**YOUR OBJECTIVE**: If a line in the data holds "Page", copy that line out in full.

Stored entries:
******
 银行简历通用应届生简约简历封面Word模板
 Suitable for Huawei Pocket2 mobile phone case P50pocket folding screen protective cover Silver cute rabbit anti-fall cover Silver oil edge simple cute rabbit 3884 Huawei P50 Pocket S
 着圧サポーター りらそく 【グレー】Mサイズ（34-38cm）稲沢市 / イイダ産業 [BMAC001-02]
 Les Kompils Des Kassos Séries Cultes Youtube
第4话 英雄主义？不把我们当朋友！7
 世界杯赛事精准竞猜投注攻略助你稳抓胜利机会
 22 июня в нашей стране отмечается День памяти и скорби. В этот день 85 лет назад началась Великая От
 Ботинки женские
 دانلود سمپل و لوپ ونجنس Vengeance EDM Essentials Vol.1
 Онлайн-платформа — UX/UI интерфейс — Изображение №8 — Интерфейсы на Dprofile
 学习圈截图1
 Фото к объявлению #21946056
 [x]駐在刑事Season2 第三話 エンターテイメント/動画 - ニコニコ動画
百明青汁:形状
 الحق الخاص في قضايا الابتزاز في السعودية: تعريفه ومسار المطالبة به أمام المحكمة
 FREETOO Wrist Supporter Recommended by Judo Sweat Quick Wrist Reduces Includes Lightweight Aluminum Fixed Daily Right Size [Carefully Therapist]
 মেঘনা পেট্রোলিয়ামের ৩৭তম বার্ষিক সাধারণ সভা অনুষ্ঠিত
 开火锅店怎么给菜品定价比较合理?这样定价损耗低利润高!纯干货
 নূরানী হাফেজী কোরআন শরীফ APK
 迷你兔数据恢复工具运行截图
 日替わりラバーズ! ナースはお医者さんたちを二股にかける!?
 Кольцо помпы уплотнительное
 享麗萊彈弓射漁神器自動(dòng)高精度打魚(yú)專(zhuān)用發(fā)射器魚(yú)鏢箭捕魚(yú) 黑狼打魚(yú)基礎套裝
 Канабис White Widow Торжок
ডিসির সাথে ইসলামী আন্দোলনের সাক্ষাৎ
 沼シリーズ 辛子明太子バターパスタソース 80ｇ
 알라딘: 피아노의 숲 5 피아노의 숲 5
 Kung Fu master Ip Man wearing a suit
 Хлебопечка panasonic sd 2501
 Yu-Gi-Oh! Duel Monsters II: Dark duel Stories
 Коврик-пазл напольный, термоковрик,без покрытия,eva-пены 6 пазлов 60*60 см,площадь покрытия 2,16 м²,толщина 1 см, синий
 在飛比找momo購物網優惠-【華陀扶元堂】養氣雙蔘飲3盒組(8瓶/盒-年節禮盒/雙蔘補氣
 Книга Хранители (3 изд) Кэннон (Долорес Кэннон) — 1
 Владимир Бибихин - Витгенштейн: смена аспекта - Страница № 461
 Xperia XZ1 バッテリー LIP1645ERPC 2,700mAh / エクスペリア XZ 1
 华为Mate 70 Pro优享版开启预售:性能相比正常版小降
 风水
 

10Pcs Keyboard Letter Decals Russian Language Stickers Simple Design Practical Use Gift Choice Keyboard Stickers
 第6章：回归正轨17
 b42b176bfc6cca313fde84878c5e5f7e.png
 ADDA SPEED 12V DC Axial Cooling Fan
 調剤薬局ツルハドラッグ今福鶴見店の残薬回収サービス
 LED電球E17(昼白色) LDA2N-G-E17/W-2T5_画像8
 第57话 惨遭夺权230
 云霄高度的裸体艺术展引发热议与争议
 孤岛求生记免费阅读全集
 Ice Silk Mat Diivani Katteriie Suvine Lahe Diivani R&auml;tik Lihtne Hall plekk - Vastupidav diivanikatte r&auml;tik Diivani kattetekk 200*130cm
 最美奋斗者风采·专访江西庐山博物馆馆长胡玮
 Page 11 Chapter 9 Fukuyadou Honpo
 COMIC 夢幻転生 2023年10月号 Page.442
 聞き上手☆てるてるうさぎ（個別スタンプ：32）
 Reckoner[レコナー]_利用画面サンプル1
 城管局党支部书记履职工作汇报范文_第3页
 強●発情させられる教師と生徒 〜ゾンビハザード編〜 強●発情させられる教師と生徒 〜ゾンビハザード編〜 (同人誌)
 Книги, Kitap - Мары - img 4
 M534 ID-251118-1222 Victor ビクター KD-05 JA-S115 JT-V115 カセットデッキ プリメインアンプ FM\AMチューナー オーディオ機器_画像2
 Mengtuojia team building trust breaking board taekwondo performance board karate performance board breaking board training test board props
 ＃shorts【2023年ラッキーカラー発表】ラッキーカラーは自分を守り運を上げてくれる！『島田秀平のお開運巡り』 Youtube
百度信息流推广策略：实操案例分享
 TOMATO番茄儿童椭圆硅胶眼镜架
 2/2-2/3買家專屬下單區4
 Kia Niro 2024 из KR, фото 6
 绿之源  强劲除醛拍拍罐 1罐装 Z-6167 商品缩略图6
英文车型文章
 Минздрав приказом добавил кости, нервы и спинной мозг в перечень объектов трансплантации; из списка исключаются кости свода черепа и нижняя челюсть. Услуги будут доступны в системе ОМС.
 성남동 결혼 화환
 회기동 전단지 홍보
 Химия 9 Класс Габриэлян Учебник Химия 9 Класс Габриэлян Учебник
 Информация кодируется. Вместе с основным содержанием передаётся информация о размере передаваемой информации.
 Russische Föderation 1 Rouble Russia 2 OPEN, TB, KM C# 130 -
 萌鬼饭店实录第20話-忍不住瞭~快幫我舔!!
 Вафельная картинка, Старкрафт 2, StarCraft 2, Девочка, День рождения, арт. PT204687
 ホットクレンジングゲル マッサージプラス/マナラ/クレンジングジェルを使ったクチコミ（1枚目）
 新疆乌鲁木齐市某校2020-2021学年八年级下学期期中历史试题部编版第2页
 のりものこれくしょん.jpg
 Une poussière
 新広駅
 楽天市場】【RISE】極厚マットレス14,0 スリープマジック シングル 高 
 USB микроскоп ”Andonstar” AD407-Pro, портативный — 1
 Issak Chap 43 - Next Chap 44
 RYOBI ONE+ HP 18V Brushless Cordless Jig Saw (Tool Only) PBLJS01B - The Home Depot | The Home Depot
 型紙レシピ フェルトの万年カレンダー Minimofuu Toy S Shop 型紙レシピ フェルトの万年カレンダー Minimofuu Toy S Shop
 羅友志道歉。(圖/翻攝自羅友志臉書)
******
**SOLUTION TO THE EXERCISE**:
 Page 11 Chapter 9 Fukuyadou Honpo
 COMIC 夢幻転生 2023年10月号 Page.442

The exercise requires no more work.